▶ _PROVIDED DATA_
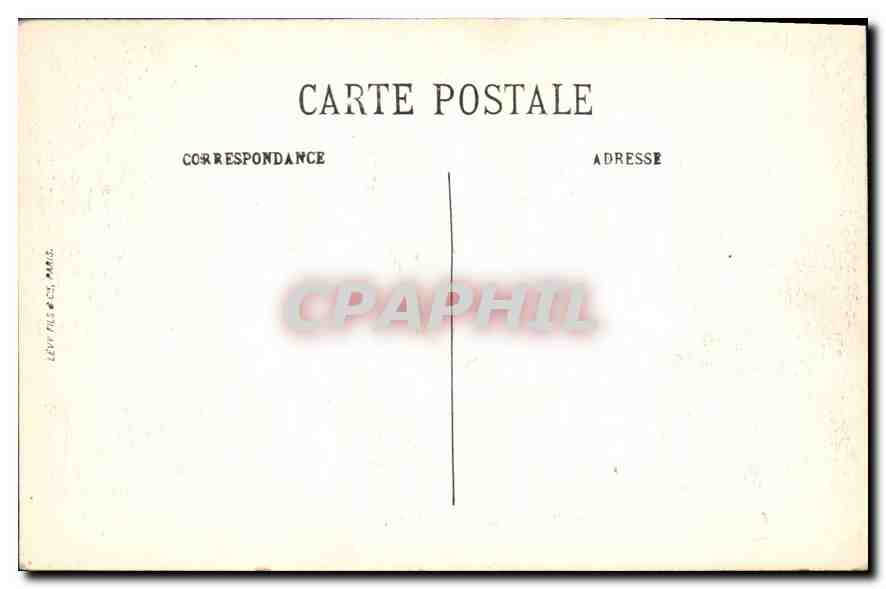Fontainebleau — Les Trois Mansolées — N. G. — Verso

---

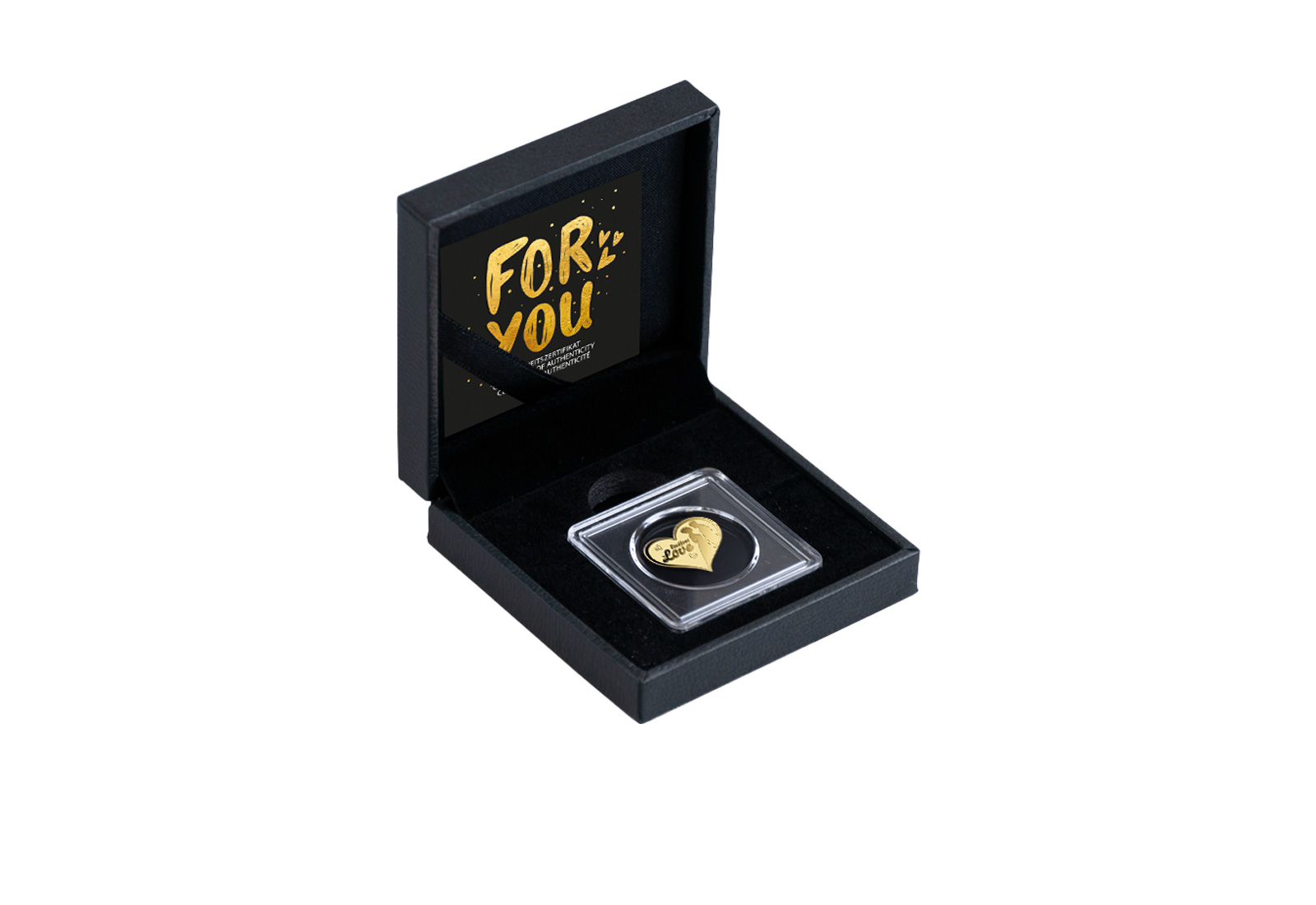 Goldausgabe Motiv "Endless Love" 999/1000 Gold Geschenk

==

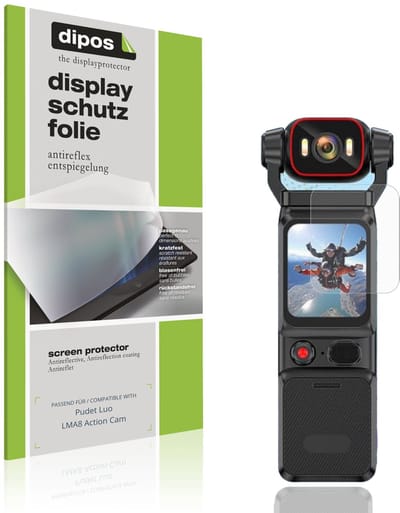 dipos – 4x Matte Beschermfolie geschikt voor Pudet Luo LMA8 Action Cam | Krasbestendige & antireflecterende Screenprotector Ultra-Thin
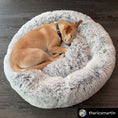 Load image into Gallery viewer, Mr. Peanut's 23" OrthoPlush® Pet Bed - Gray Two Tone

▶ _WHAT THE EXERCISE ASKS_
Copy only the lines above from the one containing "dipos – 4x Matte" through the one containing "Load image into", both included. Leave out the pictures.

▶ _RESULT FOR THIS TASK_
 dipos – 4x Matte Beschermfolie geschikt voor Pudet Luo LMA8 Action Cam | Krasbestendige & antireflecterende Screenprotector Ultra-Thin
 Load image into Gallery viewer, Mr. Peanut's 23" OrthoPlush® Pet Bed - Gray Two Tone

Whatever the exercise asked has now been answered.